Up to and including the line holding "Hello grade 5", write out the data exactly from its first line, but not the pictures.

------------------------------------------------------------

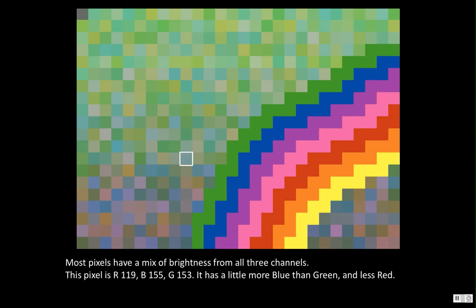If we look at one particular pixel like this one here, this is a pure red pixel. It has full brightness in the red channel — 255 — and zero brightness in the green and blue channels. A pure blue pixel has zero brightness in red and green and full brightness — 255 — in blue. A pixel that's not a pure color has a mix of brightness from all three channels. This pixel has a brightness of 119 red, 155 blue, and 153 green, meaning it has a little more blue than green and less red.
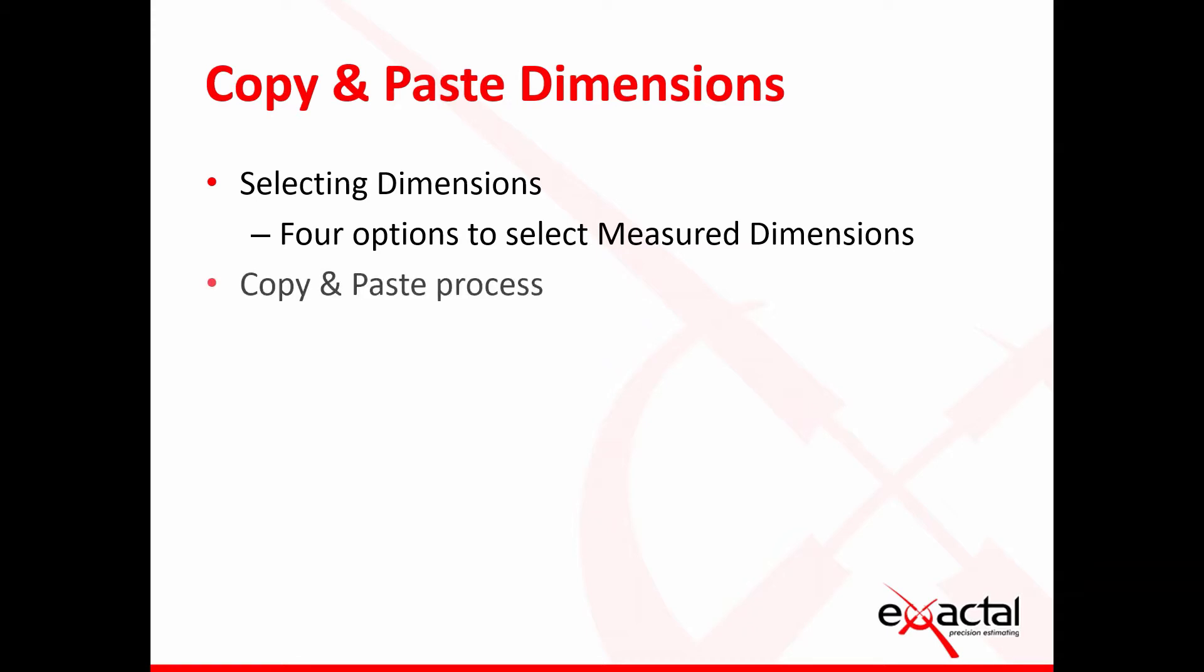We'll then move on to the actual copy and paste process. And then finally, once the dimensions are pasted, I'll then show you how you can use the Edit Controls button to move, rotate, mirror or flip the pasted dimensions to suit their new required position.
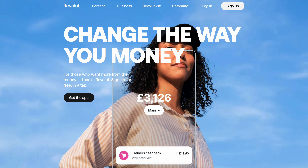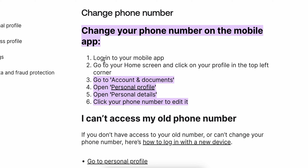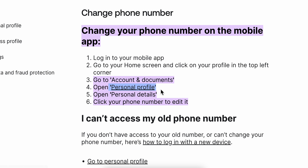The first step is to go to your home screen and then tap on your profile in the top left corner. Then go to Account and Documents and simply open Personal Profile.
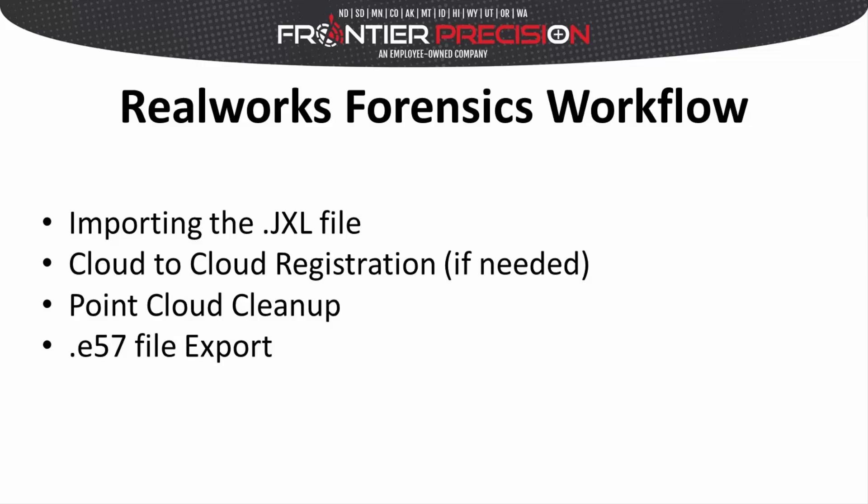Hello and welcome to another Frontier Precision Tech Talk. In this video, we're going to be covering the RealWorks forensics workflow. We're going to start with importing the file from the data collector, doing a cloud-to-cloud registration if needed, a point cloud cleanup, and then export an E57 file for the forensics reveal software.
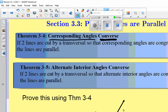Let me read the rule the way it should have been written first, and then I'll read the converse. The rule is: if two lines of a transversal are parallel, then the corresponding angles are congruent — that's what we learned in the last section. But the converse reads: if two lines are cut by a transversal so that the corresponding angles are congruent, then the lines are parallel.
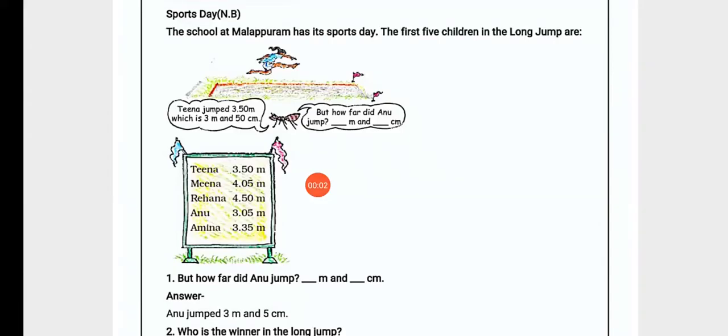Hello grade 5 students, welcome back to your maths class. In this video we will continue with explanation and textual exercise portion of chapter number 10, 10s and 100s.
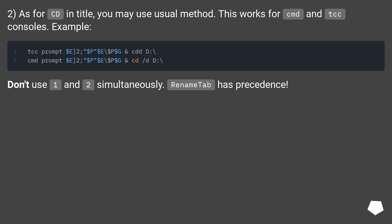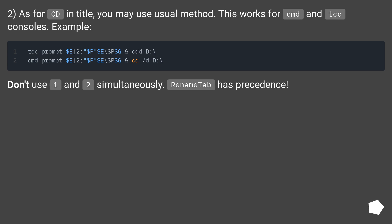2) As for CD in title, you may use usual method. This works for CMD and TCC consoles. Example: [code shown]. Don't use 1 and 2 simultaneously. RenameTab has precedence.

------------------------------------------------------------

SOLUTION TO THIS PROBLEM -
If we look at one particular pixel like this one here, this is a pure red pixel. It has full brightness in the red channel — 255 — and zero brightness in the green and blue channels. A pure blue pixel has zero brightness in red and green and full brightness — 255 — in blue. A pixel that's not a pure color has a mix of brightness from all three channels. This pixel has a brightness of 119 red, 155 blue, and 153 green, meaning it has a little more blue than green and less red.
We'll then move on to the actual copy and paste process. And then finally, once the dimensions are pasted, I'll then show you how you can use the Edit Controls button to move, rotate, mirror or flip the pasted dimensions to suit their new required position.
The first step is to go to your home screen and then tap on your profile in the top left corner. Then go to Account and Documents and simply open Personal Profile.
Hello and welcome to another Frontier Precision Tech Talk. In this video, we're going to be covering the RealWorks forensics workflow. We're going to start with importing the file from the data collector, doing a cloud-to-cloud registration if needed, a point cloud cleanup, and then export an E57 file for the forensics reveal software.
Let me read the rule the way it should have been written first, and then I'll read the converse. The rule is: if two lines of a transversal are parallel, then the corresponding angles are congruent — that's what we learned in the last section. But the converse reads: if two lines are cut by a transversal so that the corresponding angles are congruent, then the lines are parallel.
Hello grade 5 students, welcome back to your maths class. In this video we will continue with explanation and textual exercise portion of chapter number 10, 10s and 100s.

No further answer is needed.